Любовные музы Пушкина >>>
Красавица Анна Керн была племянницей хозяйки Тригорского Прасковьи Осиповой, доброй знакомой Пушкина и соседки по его имению Михайловское. В 17 лет Анну чуть не силком выдали за 52-летнего генерала Керна, от которого она скоро пошла вовсю гулять. В первую встречу с ней на балу в Петербурге Пушкин еще не посмел ее атаковать, но впрок запомнил. И через шесть лет по рассказам, в том числе Осиповой, о ее вольном нраве счел, что сделать эту прелестницу своим трофеем не составит страшного труда: она же еще и поклонница поэзии, а он тут первый!
И дальше его донжуанским помыслам фартит сама судьба: Керн приезжает к тетке в Тригорское – и тоже жаждет оживить знакомство с поэтическим кумиром. У них завязывается пылкий и вроде ни к чему не обязующий роман: он – свободен; и она, мать уже двоих детей – свободная от страха пересудов «вавилонская блудница», как Пушкин называет ее за глаза. Кажется, одна-другая страстная атака против ее чисто внешней крепости – и рука уж тянется к перу, перо к бумаге – для нанесения трофейной записи. Но тут его коса находит на ее никак не чаянный сердечный камень, и писать ему приходится совсем другое.
Как-то Пушкин привозит в Тригорское рукопись «Цыган», поэмы самых страстных откровений – и читает ее при свечах. Керн вспоминает: «я истаивала от наслаждения», – но затем, видать, и вынимает из-за пазухи, вместо искомых прелестей, тот камень. Возможно, это было в темной сени млеющего летним зноем сада, куда она позволила свести себя дрожащему от вожделения поэту. И там после всего, что уже светит ему смачной записью в тетрадке, делает достойную поэтической поклонницы заявку. Мол мой ларец уже готов тебе открыться – но при условии: ты должен написать мне – но не мадригал, а настоящие стихи.
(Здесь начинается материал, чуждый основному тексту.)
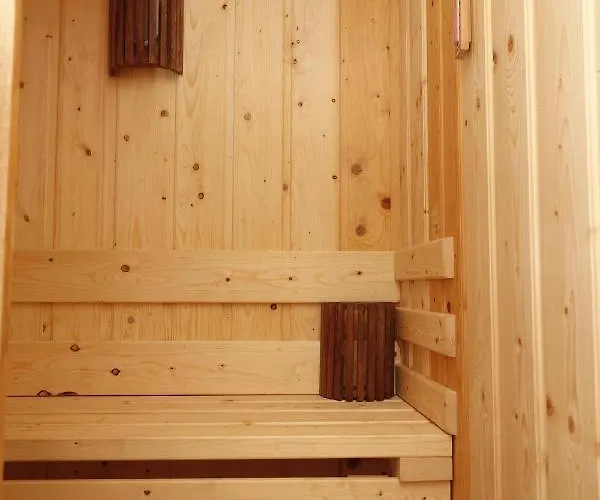 за гости Radea Apartament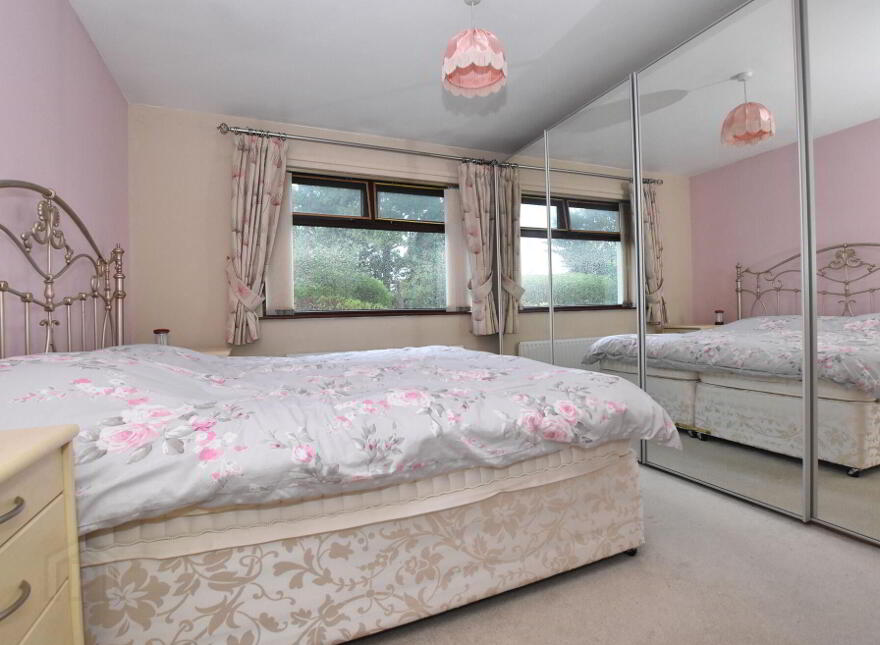 17 Oldfort Gardens, Moira, BT67 0QB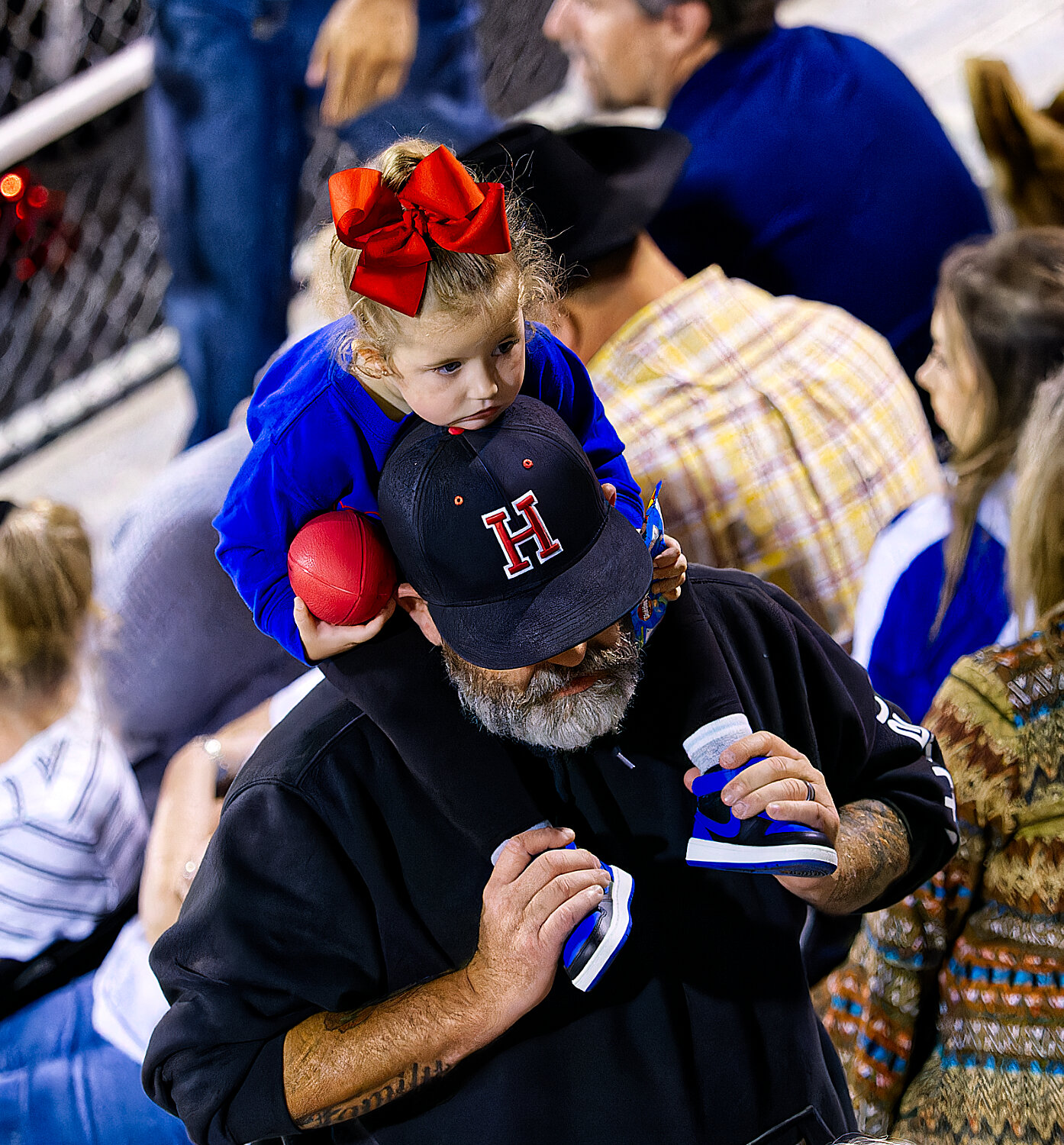 Some spectators enjoy halftime more than others. [find further football photos]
Тут жаждущий немедленного удовлетворения поэт осыпает ее градом уверений, даже, может, выдает какой-нибудь экспромт – но она неумолима: хорошие стихи – сначала, а без них, значит, не будет ничего. И ему остается лишь не солоно хлебавши отступить под сень конфузно полыхающих в его рабочем кабинете свеч. Но так как весь этот роман – одна игра и жертвы требует не Аполлон, а прихоть бальной дамы, – честных стихов в его душе не наскребается никак. Весьма щепетильный в них творец кривить ими не хочет нипочем; но он еще – и страстный игрок, готовый для выигрыша чуть не все на свете!
И его страсть вкусить, можно сказать, уже добытый плод ставит перед ним нелегкий выбор. Остаться честным слугой лиры, но при этом пораженцем естества – или все же заветной лире изменить?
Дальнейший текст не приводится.